Much has also been made of the fact that Sinn Féin got approximately 30,000 more votes than in the 2002 general election. This statistic must also be viewed in relative terms, considering that it pales in comparison with the 90,000 votes picked up by Fine Gael since 2002.
FG gained 15 seats from a base that was considered by most commentators to be impossibly high when facing into the local elections. They are now in control of 25 local authorities, either on their own or with the support of other parties and Independents.
Sinn Féin consider themselves to be the only 'all-Ireland' party yet there are vast swathes of the country where they failed even to come close to electoral success. They have no representation at all on 13 of the 34 local authorities. They have no city or county councillors in 10 of the 26 counties of the State, and just one councillor in a further five counties.
Despite the impression given in Ms Dundon's article, Sinn Féin have managed to muster the requisite numbers on just three local authorities to force their way into pacts with Fianna Fáil.

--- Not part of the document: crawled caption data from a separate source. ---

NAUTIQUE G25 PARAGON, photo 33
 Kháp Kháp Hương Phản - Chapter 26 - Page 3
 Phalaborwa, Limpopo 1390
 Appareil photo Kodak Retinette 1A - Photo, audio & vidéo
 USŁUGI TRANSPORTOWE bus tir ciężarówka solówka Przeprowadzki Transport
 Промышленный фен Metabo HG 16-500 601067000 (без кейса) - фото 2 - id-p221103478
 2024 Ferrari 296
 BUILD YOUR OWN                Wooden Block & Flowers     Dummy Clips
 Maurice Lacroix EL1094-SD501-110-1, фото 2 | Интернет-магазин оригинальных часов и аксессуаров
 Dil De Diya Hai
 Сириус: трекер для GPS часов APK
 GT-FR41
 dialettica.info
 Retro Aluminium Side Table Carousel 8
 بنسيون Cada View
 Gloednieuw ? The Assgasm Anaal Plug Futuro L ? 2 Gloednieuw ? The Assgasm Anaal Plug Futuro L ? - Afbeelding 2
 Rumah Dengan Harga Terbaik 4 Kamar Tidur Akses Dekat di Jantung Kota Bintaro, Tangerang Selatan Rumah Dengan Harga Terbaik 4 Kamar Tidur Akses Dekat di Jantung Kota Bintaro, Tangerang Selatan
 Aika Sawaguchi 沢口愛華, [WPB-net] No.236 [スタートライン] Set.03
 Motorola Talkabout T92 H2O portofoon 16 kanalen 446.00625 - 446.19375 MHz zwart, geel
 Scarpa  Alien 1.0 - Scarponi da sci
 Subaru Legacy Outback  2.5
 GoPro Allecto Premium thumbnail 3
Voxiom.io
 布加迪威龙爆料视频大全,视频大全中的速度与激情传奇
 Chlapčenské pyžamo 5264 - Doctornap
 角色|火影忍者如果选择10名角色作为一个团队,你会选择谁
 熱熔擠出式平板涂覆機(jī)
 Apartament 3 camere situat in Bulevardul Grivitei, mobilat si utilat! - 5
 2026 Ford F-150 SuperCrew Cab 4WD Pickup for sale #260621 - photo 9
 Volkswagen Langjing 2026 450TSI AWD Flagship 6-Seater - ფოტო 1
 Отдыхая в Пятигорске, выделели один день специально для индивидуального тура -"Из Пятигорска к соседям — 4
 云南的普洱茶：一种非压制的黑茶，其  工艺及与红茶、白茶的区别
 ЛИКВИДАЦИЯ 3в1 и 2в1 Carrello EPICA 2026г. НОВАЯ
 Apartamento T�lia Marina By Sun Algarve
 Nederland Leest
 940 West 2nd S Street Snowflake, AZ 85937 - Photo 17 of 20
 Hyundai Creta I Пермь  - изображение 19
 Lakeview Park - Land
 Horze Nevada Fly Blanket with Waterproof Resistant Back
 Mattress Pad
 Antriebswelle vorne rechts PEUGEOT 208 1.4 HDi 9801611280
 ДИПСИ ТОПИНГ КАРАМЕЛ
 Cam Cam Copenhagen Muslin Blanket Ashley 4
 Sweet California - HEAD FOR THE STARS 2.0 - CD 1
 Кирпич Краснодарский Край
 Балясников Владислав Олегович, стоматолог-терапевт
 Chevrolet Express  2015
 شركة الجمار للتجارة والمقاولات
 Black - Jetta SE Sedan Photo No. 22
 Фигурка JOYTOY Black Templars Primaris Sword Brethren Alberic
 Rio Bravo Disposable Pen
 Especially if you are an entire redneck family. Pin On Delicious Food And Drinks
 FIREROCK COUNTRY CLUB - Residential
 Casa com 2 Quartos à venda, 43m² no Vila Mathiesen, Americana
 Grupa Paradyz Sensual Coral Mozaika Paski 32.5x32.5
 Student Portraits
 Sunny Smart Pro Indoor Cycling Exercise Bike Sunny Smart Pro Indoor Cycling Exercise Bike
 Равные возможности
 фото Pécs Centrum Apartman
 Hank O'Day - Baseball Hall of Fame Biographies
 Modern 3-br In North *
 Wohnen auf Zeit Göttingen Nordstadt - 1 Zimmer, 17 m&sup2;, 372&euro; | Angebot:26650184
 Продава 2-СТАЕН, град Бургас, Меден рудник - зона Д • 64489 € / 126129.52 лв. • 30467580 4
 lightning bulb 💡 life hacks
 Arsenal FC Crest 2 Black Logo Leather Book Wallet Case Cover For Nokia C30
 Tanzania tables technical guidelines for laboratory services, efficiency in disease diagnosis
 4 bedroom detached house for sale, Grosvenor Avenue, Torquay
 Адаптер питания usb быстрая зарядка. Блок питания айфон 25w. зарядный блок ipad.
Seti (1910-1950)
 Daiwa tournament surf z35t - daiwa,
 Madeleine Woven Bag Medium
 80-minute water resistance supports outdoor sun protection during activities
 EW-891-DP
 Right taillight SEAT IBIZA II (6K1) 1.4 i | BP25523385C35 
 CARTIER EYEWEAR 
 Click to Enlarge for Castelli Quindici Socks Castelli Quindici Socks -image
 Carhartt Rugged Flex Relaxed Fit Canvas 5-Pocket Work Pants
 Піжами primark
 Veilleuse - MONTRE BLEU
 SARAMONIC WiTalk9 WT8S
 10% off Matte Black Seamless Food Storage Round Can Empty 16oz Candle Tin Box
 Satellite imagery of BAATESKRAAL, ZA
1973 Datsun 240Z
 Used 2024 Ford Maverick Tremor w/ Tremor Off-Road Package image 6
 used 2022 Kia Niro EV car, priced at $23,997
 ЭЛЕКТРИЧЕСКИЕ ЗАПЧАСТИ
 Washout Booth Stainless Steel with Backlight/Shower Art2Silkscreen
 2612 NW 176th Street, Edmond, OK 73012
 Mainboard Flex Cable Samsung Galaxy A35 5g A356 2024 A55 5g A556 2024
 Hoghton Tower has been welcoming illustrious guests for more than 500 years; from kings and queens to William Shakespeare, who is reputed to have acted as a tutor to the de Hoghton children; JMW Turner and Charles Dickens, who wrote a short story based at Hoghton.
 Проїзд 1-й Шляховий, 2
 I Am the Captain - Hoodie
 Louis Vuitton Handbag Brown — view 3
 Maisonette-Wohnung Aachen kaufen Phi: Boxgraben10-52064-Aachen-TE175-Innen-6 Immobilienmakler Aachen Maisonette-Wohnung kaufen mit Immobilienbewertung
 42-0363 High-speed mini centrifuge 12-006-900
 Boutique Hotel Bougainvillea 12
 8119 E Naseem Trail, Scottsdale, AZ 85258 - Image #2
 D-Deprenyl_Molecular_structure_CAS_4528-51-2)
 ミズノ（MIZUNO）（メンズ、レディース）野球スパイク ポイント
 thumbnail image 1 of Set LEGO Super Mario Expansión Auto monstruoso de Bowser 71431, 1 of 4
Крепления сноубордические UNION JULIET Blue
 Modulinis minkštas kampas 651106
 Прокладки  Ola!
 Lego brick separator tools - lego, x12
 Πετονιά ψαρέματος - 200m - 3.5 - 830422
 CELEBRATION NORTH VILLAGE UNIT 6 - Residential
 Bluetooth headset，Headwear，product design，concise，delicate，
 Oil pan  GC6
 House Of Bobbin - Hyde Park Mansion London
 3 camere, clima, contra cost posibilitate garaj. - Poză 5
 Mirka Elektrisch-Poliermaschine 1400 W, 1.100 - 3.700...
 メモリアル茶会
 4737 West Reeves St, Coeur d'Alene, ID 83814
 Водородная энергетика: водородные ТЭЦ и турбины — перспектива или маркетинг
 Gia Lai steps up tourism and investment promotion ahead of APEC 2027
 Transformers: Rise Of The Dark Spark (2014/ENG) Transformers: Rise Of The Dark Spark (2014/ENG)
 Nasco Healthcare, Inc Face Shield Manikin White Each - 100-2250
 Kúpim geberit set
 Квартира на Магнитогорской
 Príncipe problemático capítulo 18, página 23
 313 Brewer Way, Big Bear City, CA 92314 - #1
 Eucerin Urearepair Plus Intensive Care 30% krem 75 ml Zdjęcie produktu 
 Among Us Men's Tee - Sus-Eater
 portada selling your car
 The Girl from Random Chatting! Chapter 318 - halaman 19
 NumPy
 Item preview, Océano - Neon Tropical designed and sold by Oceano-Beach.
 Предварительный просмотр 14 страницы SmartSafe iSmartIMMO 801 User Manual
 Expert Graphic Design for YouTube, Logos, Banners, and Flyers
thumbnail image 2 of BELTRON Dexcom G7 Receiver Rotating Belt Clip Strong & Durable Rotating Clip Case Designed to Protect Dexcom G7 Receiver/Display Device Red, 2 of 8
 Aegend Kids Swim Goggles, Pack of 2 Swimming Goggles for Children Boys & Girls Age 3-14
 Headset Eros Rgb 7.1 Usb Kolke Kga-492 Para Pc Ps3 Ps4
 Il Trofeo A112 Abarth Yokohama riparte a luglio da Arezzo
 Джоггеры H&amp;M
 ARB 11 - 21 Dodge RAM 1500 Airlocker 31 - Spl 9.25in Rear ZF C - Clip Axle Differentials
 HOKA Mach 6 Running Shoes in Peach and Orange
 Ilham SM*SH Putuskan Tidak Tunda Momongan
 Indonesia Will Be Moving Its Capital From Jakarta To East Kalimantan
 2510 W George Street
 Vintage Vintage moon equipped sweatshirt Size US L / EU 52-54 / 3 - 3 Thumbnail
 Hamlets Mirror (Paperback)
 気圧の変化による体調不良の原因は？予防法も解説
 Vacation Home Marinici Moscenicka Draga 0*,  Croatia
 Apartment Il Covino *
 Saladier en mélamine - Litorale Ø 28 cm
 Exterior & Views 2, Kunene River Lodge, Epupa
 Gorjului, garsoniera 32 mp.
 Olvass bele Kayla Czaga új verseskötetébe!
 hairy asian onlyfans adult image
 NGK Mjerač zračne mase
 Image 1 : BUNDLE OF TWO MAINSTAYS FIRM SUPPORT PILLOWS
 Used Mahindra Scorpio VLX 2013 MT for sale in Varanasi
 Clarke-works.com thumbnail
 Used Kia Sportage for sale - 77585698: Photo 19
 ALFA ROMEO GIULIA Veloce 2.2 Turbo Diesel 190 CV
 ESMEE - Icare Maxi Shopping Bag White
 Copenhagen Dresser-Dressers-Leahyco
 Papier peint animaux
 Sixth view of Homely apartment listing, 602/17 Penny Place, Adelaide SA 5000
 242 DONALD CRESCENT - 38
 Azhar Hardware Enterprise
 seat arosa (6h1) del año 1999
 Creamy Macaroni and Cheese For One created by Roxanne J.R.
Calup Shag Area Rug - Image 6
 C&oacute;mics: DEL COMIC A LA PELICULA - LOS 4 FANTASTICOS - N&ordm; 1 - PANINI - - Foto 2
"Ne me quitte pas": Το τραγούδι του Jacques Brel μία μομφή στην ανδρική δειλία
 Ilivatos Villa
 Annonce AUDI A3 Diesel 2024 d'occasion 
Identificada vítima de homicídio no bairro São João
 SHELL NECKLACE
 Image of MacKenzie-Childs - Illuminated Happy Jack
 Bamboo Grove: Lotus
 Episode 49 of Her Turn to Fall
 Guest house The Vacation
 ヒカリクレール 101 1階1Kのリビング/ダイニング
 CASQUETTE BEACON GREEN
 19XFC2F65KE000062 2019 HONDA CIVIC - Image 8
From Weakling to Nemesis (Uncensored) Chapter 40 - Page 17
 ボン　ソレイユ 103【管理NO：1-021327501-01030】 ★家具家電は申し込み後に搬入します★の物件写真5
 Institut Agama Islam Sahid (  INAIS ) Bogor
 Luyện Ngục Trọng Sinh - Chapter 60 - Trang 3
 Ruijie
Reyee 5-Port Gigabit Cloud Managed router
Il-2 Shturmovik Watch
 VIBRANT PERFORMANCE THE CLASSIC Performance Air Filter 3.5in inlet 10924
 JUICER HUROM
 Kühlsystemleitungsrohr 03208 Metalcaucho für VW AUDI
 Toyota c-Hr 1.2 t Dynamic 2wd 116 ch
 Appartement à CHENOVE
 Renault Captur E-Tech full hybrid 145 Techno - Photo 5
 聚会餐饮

In contrast with their fabled success in urban areas, they have no representation at all in Limerick city, despite the total collapse of Fianna Fáil support there. These realities do not correspond with any recent media comment on the election results.
Amid this recent media frenzy, gains of seven or eight Dáil seats have been predicted for Sinn Féin, prompting gasps of disbelief from some commentators about what this feat might herald.
However, the Irish Examiner has devoted precious few column inches in applying the same analysis to the mainstream opposition parties who would together gain up to 25 seats in a general election if they held their local election support, with Fine Gael clawing back all of their 2002 losses. This would be a veritable electoral landslide in comparison to the paltry advances of Sinn Féin. So why isn't Mary Dundon concentrating her energies on this prospect?
The patchy advance of Sinn Féin will not bring about a change of government. Strong gains for a Fine Gael-led alternative will. In my opinion, it is this alternative which is the "force to be reckoned with" in Irish politics today.
Barry Walsh,
Tyone,
Clonlough,
Mitchelstown,
Co Cork.
Mary Dundon responds:
The reason Sinn Féin's gains have been given such media coverage is because they have been made by a party which up to recently had the ballot box in one hand and the Armalite in another.
There is also a prospect down the road that they could become coalition partners with Fianna Fáil if the decommissioning issue in the North is resolved before the next general election in 2007.
It is true that the mainstream opposition parties could provide a strong alternative government if they repeat their local election successes in 2007.
But the big question is will Labour, Fine Gael and the Greens get their act together this time in advance of the election and form a pre-election pact.
If they don't, then Fianna Fáil is far more likely to look to Sinn Féin as a possible coalition partner if they tire of the Progressive Democrats than to any of the Rainbow Coalition parties.